Nous remobiliser sans attendre

«Si on veut empêcher que le monde d’après soit bien pire que celui d’avant, nous devons sans attendre nous remobiliser et faire entendre haut et clair notre voix, la voix des premiers de corvée, la voix de l’aile marchante de la mutualité, celle qui a toujours indiqué le sens du progrès social de la liberté et de la justice. Ce qui nous mobilise, c’est militer. »

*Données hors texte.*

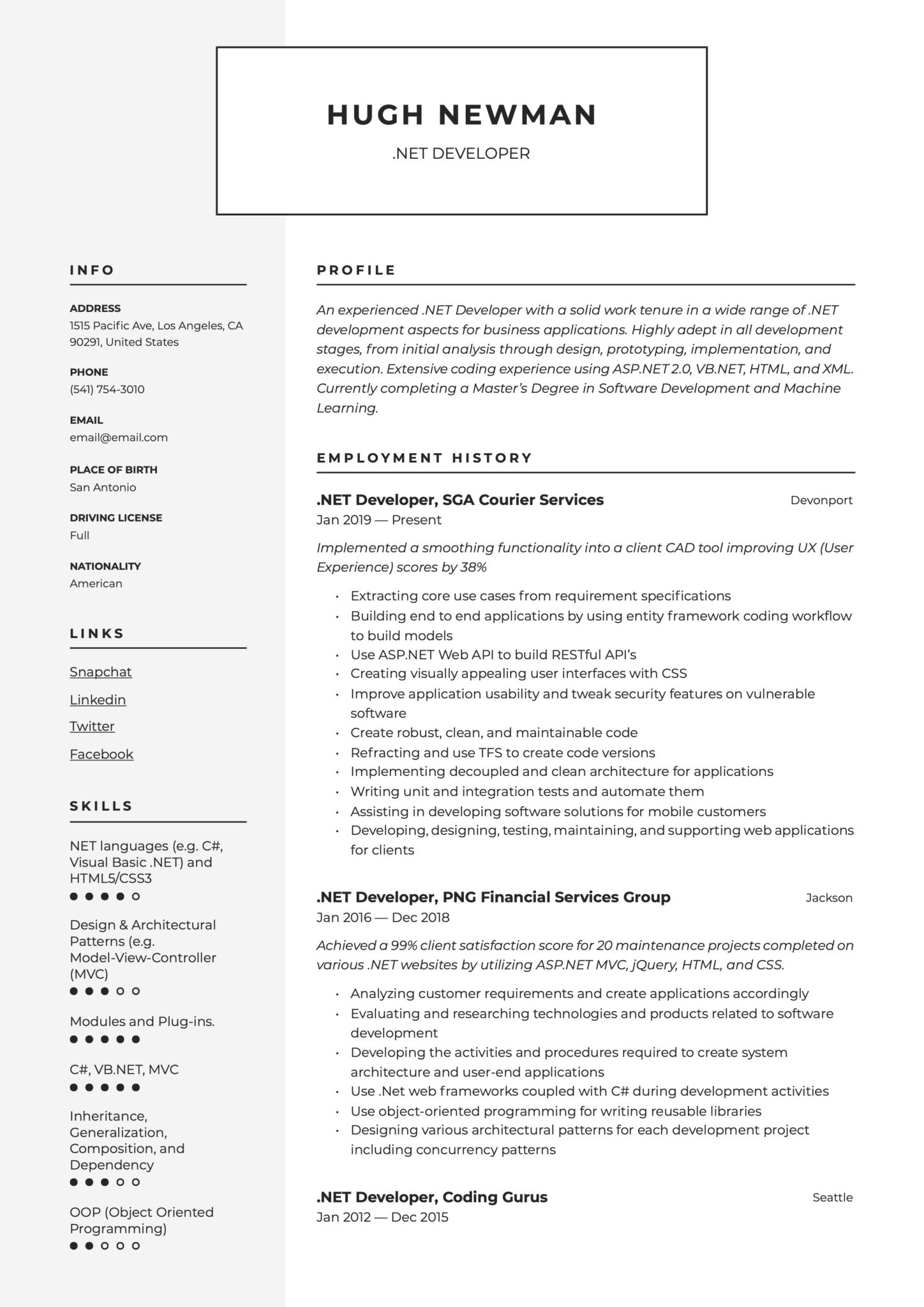 Modern Resume Example .NET Developer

De Saint-Etienne à Brest, terres ouvrières et mutualistes

« il y a trois ans nous étions à Saint-Etienne et nous avions en tête le long combat des ouvriers pour améliorer leurs conditions de travail, leur lutte pour contrôler leurs caisses d’entraide et de secours, parfois réprimés dans le sang. Nous voilà à Brest, Brest la rouge dans une Bretagne conservatrice, mythe du mouvement ouvrier. En 1902, les ouvriers des Capucins revendiquaient un minimum de salaire et un service médical et pharmaceutique gratuit. Nous le savons, la lutte pour les salaires décents, pour une protection sociale qui protège des aléas de la vie et pour l’accès à la santé fut longue, dure, et parfois payée du prix du sang. Un congrès de la mutualité ouvrière, c’est aussi un congrès qui se souvient de celles et ceux qui ont été blessés, tués, qui ont connu la misère pour arracher un à un les conquis sociaux que nous défendons aujourd’hui. Et nous sommes, à Brest, dans l’un des berceaux des Mutuelles de France. »

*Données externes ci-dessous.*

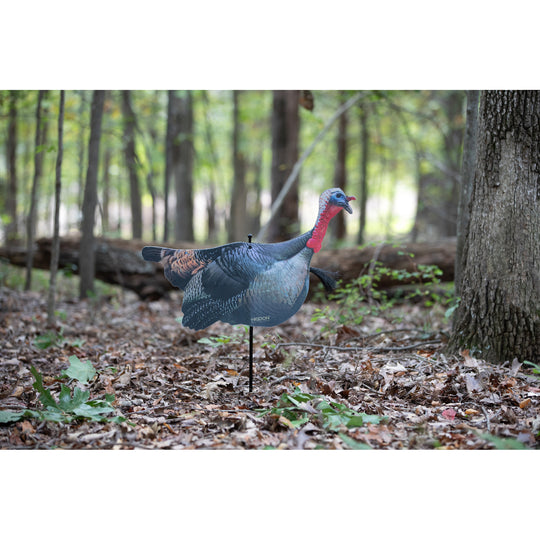 63025_field_4_R_540x.jpg?v=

La dignité, valeur mutualiste

« La dignité de tous les humains fait partie des valeurs mutualistes fondamentales. Et quand elles sont en cause, quand il faut les défendre, nous sommes là. Quand on est militant mutualiste, on ne peut rester sourd aux injustices, d’où qu’elles viennent, hier contre le colonialisme, aujourd’hui au côté des migrants qui risquent leur vie et, par dizaine de milliers, la perdent en traversant la Méditerranée pour trouver ici, non pas des aides sociales comme disent l’extrême droite et les réactionnaires, mais l’espoir d’une vie décente. Nous sommes frères en humanité, nous leur tendons la main. »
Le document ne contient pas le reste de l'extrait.